For the next several hours, Kent went about the job of running 3-inch PVC pipe from a hole in my basement floor up to the ceiling and through a wall into the garage. From there, he ran the pipes up the garage wall, along the garage ceiling and through a hole into the storage area above. In the storage area, he attached a fan - to draw the radon-tainted air up from the basement - to the pipe before attaching the last piece of pipe to the other side of the fan and then through the garage roof. The exit pipe is supposed to be at least 10 feet from any entry point - such as a window - into the home's living area, or at least 2 feet above the roof. With the fan installed and the PVC poking through my garage roof, Kent placed a neoprene roof boot over the pipe to cover the hole around the pipe to ensure the elements stay outside instead of entering the garage. For power, he ran electrical wiring from the fan to an outlet in the garage. Back in the basement, he used a polyurethane concrete sealant to fill in the area around the pipes that he had put into the basement floor. He also filled in the test holes he had drilled in the basement, and for good measure, he sealed in a couple of cracks in my basement floor.

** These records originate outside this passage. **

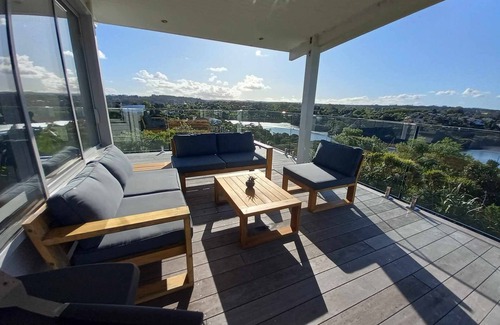 Kerikeri House | Stylish modern home with spectacular views, close to town and Bay of Islands.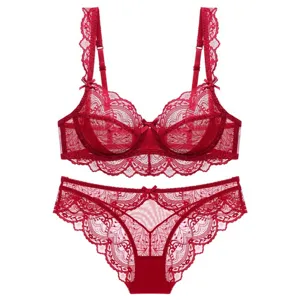 Sexuelles rotes Spitzen BH und Slip Lingerie Set mit Blumennetz Design und dünnen Trägern.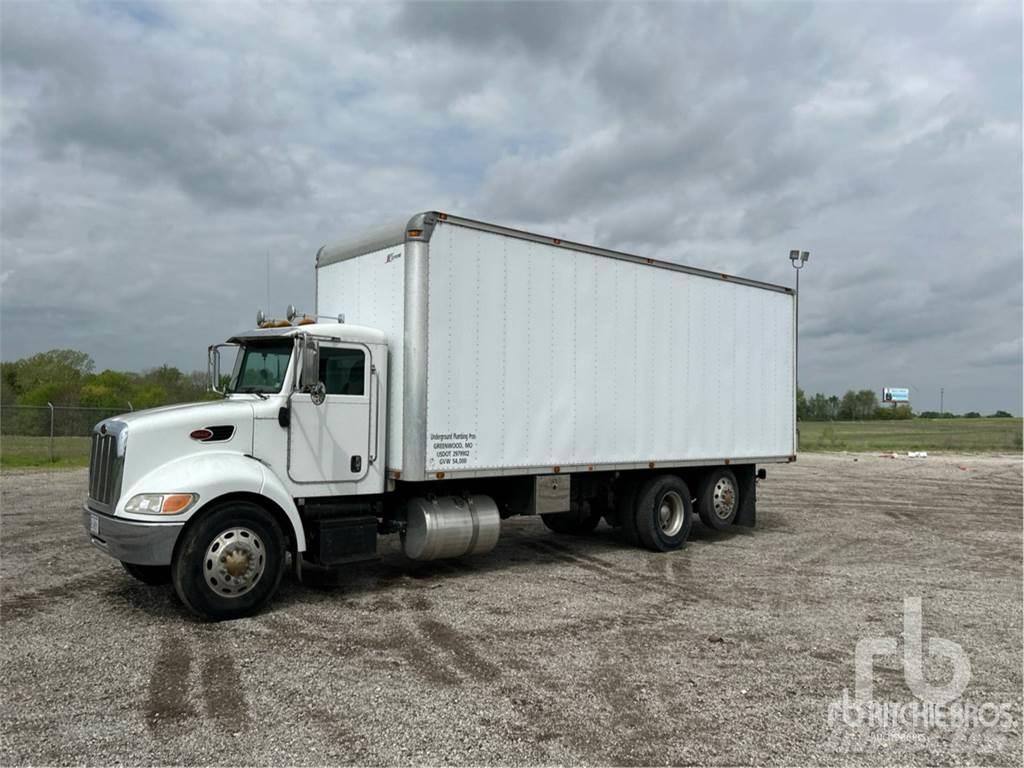 Peterbilt 335 Work Trucks / Municipal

Kent used a variety of tools and supplies: a hammer drill and cold chisel to cut holes in the concrete floor, a hole saw to run the PVC pipe through the wall between the basement and garage, and a reciprocating saw to cut the PVC pipe to length. He used his measuring tape repeatedly, and when assembling the pipe joints, he solvent-welded them together with primer and PVC cement. "As you can see, this isn't brain surgery," Kent said during the job. But it requires expertise - in carpentry skills and in radon.

For instance, the PVC pipe has to be installed at an upward pitch of at least 1/4-inch per foot to prevent condensation from developing inside the pipes. This means the pipe should slope roughly 2 1/2 inches for every 10 feet of pipe. Code regulations require a fire barrier between the garage and basement. The fire barrier is a round piece of metal that fits around the PVC pipe. In case of a fire, the heat makes the metal expand, causing the barrier to collapse inward and crush the pipe. If there were a fire, this would stop it from traveling through the pipe from the house to the garage and vice versa. The fan is key to the system; without it, there is nothing to draw the radon from under the basement floor to the outside. The 1.5-amp device runs continuously and creates a slight whirring sound that is barely noticeable in my garage below the storage area. The EPA estimates that it will cost me $75 to $175 a year to run the fan. After Kent was done, I took another radon test using a First Alert testing kit to determine my radon levels. The reading came back at 0.7 pCi/L - well below the 4-pCi/L level recommended by the EPA. I now have white PVC pipes running through part of my basement and garage. They look something like the PVC drainage pipes that run through my basement, except the radon-reduction system has a "radon-reduction system" label attached to it. The system isn't pretty - and it wasn't exactly cheap - but it gives me peace of mind. Clarke Canfield is a freelance writer based in South Portland, Maine.